Summer Stock, midnight Friday, June 17
This charming 1962 animated musical, co-written by Chuck Jones, has Garland voicing Mewsette, a country cat who seeks the glamorous life in Paris, and another great singer, Robert Goulet, giving voice to her lover, Jaune-Tom, who wants to bring her back home. Red Buttons, Hermione Gingold, Morey Amsterdam, and the legendary Mel Blanc are among the others you'll hear.
Gay Purr-ee, 4 p.m. Friday, June 24
Garland's final film, released in 1963, has her taking a dramatic turn as a successful American singer visiting England and trying to reclaim the son she gave up years earlier. Perhaps like Garland herself, though, her character Jenny Bowman is at her happiest when performing. Gay actor Dirk Bogarde plays her long-ago lover and father of her son.
I Could Go on Singing, 1:15 a.m. Saturday, June 25
Many Garland admirers consider her performance as Vicki Lester her greatest. Vicki is a band singer who becomes a film star in the second version (1954) of the much-filmed story about a woman whose career soars while her alcoholic husband's goes downhill. Janet Gaynor, Barbra Streisand, and most recently Lady Gaga have starred in other versions, and they all have commendable qualities, but it's hard to top Garland's display of emotion and vulnerability, plus her great vocals ("The Man That Got Away," "Born in a Trunk," and more). James Mason is a worthy leading man as the falling star Norman Maine. Garland was expected to win the Best Actress Oscar, but the award went to Grace Kelly for The Country Girl instead. Grand larceny!

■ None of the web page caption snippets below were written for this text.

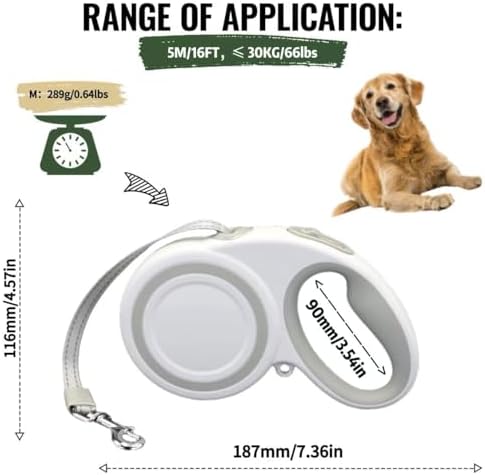 10-16FT,66LBS,Highly Reflective Retractable Dog Leash, M-Gray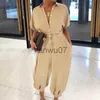 Kobiety Jumpsuits Rompers Women Retro Lopard Button Sumpsuit Summer V Neck Surk Playsiue Elegancki biuro Lady Rompers Beach kombinezon Pocke J230629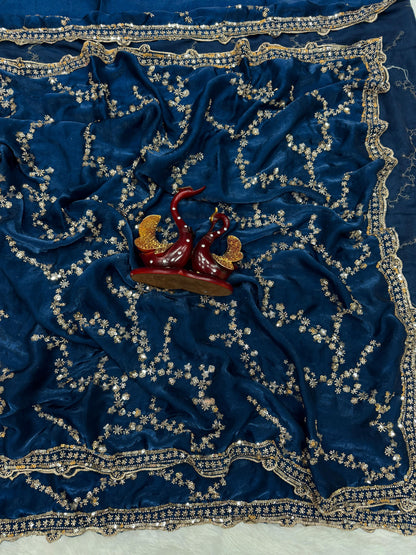 Premium Beads Work Soft Space Silk Saree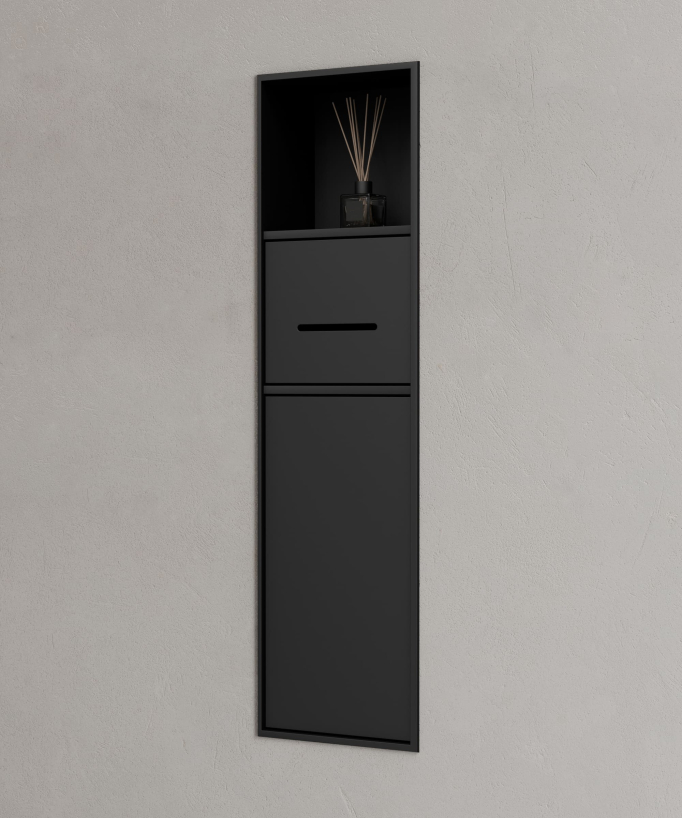 Niche de toilette à encastrer avec compartiments - Noir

A Star Is Born, 8 p.m. Friday, June 24
Also on TCM that evening: Till the Clouds Roll By, a highly fictionalized 1946 biopic about composer Jerome Kern (played by Robert Walker), with Garland, Frank Sinatra, Dinah Shore, June Allyson, and others performing Kern songs, 5:30 p.m.; and A Child Is Waiting (1962), with Garland as a teacher of children with disabilities, costarring Burt Lancaster and Gena Rowlands, in an early directorial effort by John Cassavetes, 11:15 p.m.